TASK STATEMENT:
Of the lines in the material below, print only those from the one containing "Aromatherapy Shower Steamers" to the one containing "13 Photograph of", ends included, exactly as written and without pictures.

╭─ EXERCISE MATERIALS

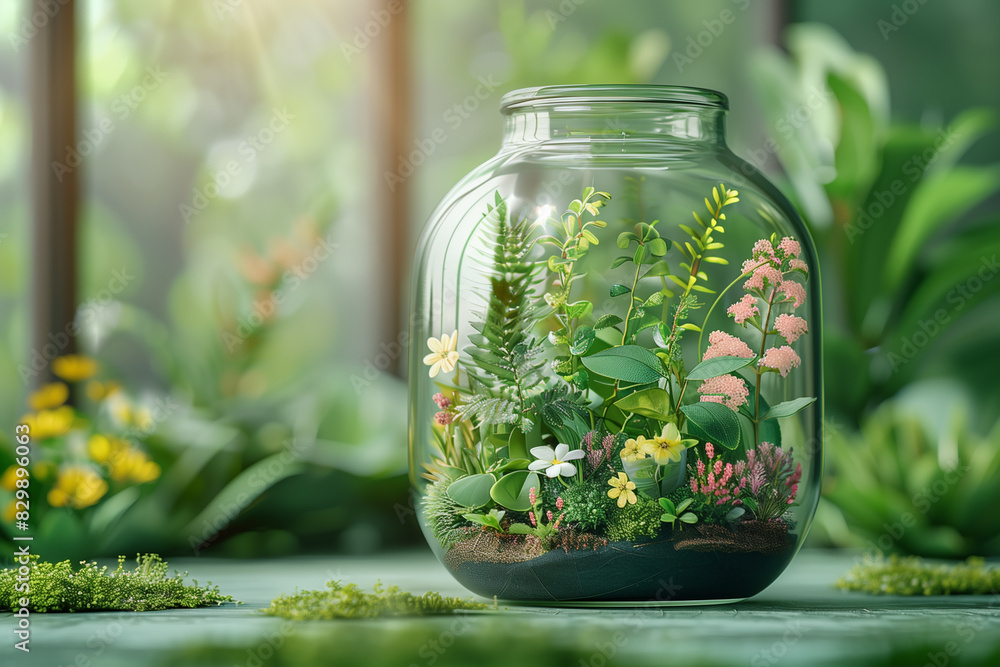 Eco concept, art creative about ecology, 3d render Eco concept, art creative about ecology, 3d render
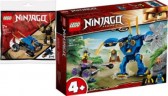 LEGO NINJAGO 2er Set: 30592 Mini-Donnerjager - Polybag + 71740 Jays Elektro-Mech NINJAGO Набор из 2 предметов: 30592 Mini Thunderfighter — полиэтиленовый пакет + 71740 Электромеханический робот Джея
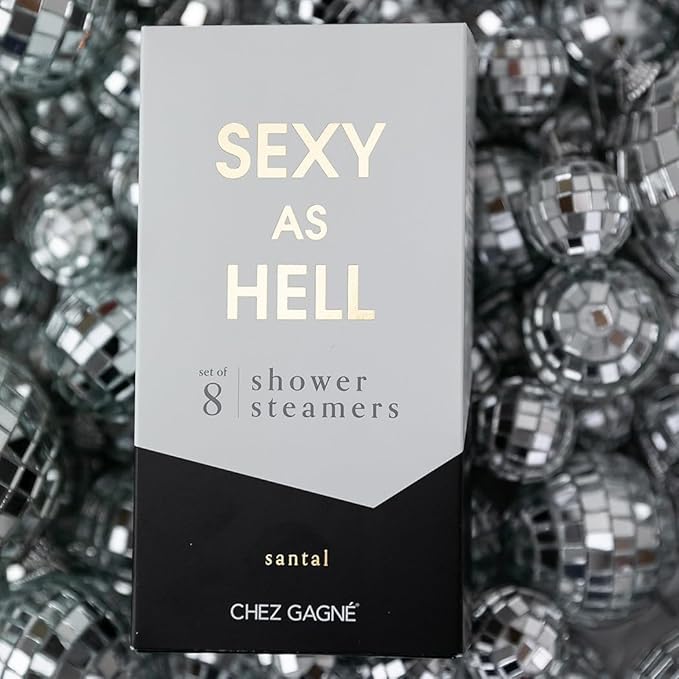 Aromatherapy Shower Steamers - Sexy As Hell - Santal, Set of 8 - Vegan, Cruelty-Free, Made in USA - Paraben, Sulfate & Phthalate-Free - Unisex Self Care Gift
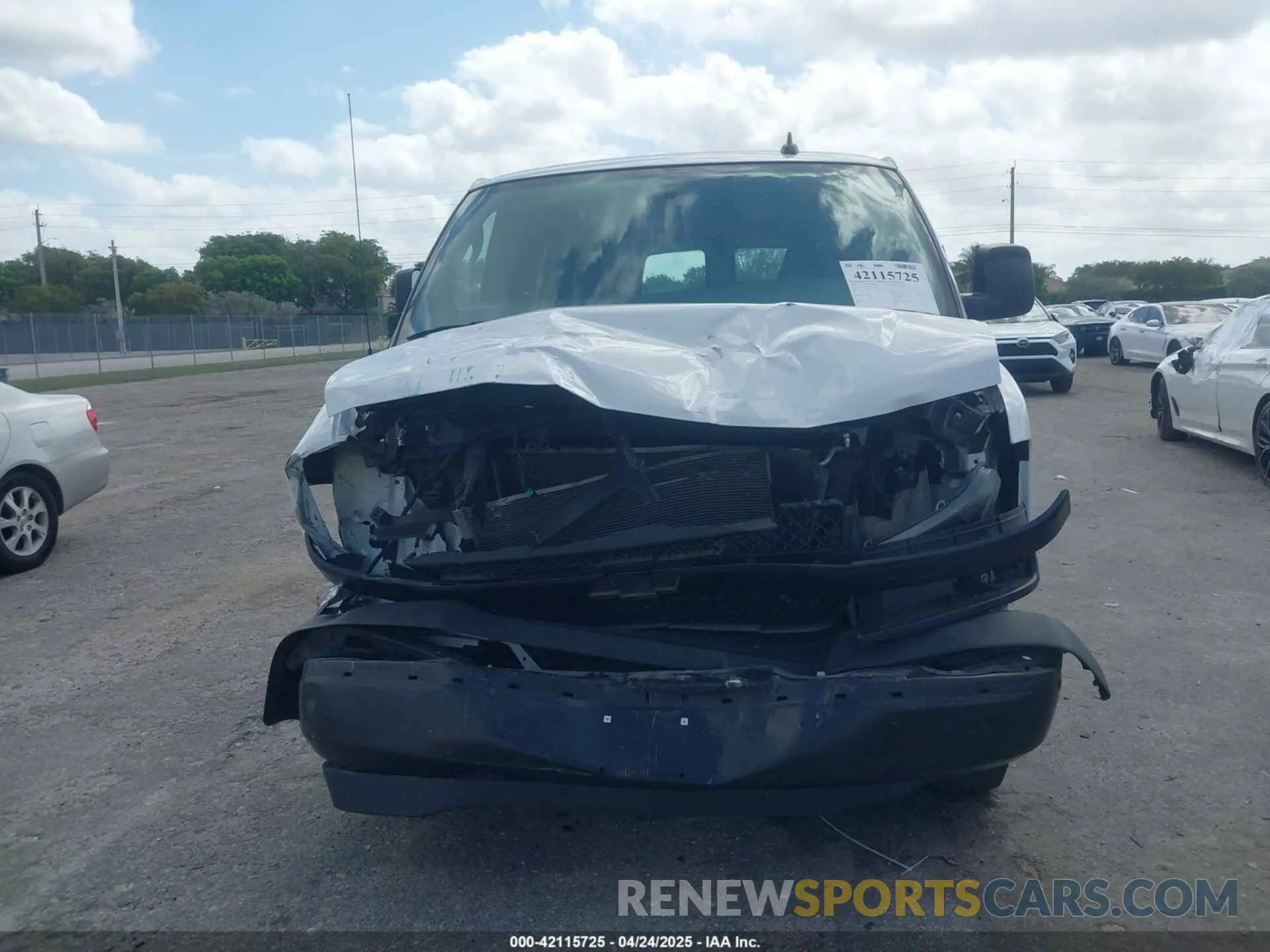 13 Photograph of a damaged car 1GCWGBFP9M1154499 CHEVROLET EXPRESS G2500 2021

╰─
╭─ EXERCISE MATERIALS

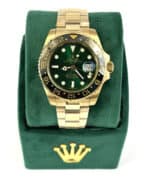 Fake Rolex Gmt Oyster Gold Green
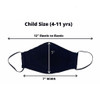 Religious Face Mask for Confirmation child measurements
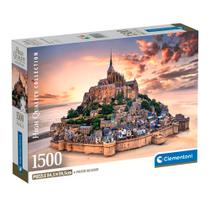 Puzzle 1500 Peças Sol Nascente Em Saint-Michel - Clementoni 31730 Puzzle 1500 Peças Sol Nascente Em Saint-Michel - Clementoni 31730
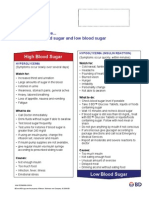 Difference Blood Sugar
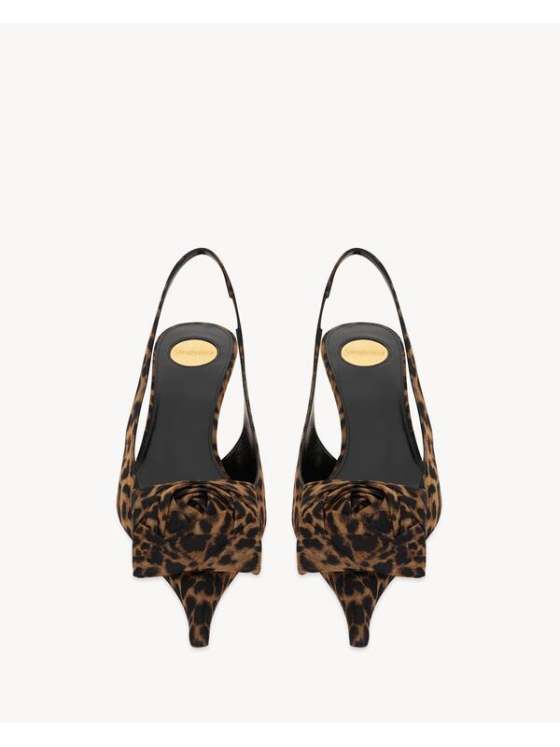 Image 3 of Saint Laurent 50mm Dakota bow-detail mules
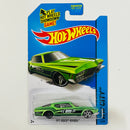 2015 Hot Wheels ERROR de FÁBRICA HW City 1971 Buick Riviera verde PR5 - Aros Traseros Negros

╰─
╭─ EXERCISE MATERIALS

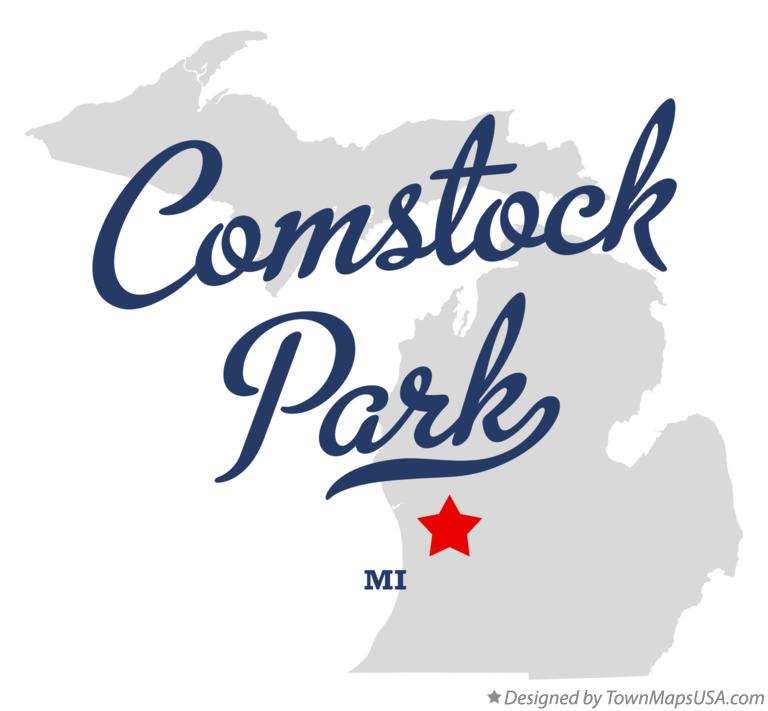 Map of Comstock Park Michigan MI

╰─

RESULT OF THIS TASK:
 Aromatherapy Shower Steamers - Sexy As Hell - Santal, Set of 8 - Vegan, Cruelty-Free, Made in USA - Paraben, Sulfate & Phthalate-Free - Unisex Self Care Gift
 13 Photograph of a damaged car 1GCWGBFP9M1154499 CHEVROLET EXPRESS G2500 2021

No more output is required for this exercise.